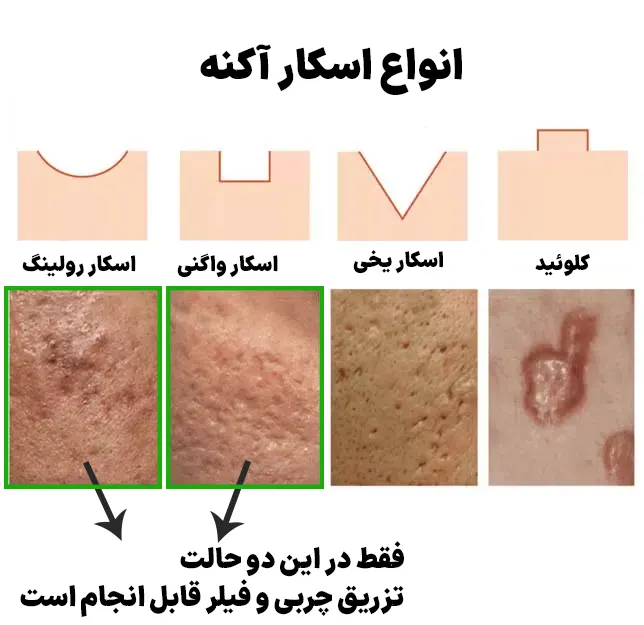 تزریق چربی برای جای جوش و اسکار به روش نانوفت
========================
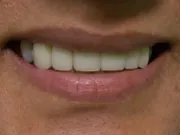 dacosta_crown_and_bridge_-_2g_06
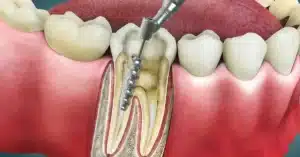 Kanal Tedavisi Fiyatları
========================
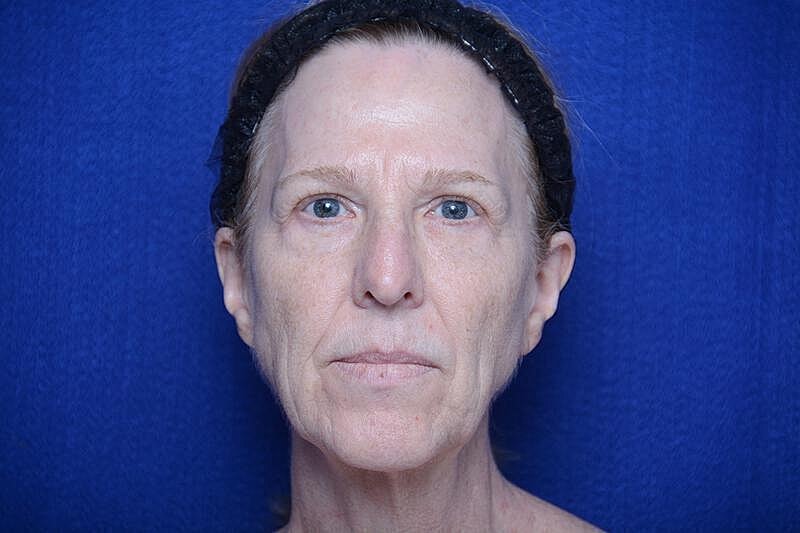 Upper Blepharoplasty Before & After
========================
● **WORK TO COMPLETE**: Using the entries above, reproduce word for word only the lines from the one that contains "dacosta_crown_and_bridge_-_2g_06" to the one that contains "Kanal Tedavisi Fiyatları", both ends included, and drop every picture.

● **THE COMPLETED TASK**:
 dacosta_crown_and_bridge_-_2g_06
 Kanal Tedavisi Fiyatları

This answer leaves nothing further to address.